Arun Kumar Jagatramka, promoter of Gujarat NRE Coke Ltd, was allowed by the National Company Law Tribunal (NCLT) to negotiate a compromise between the company and its lenders after no bids were received for the company even after the mandated 270-day period.
Jindal Steel and Power, one of the unsecured creditors, challenged the tribunal order before the appellate tribunal, which set aside the tribunal’s order, saying that in the absence of bids, the company will go into liquidation. The promoters cannot organise settlement, just in order to keep the company a going concern, it said. The Insolvency and Bankruptcy Code (IBC) clearly prohibits promoters from submitting resolution plans for their companies,
Jagatramka had moved the application under Companies Act, 2013, which permits “compromises or arrangements” between companies and their lenders, notes a report in Livelaw.in. The NCLT had permitted the former promoter to convene meetings between shareholders and creditors stating that IBC’s larger objective is to keep the companies as going concerns.
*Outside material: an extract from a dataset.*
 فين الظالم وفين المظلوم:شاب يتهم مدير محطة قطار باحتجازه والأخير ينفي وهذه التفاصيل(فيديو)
After the appellate tribunal, on October 14, 2019, set aside the order, Jagatramka moved the apex court seeking restoration of the tribunal order. However, a bench of the SC, comprising Justice DY Chandrachud and Justice MR Shah stressed that the IBC specifically disqualified former promoters from participating in insolvency process. This disqualification extends to the effort to reach common ground under Companies Act, 2013, it said.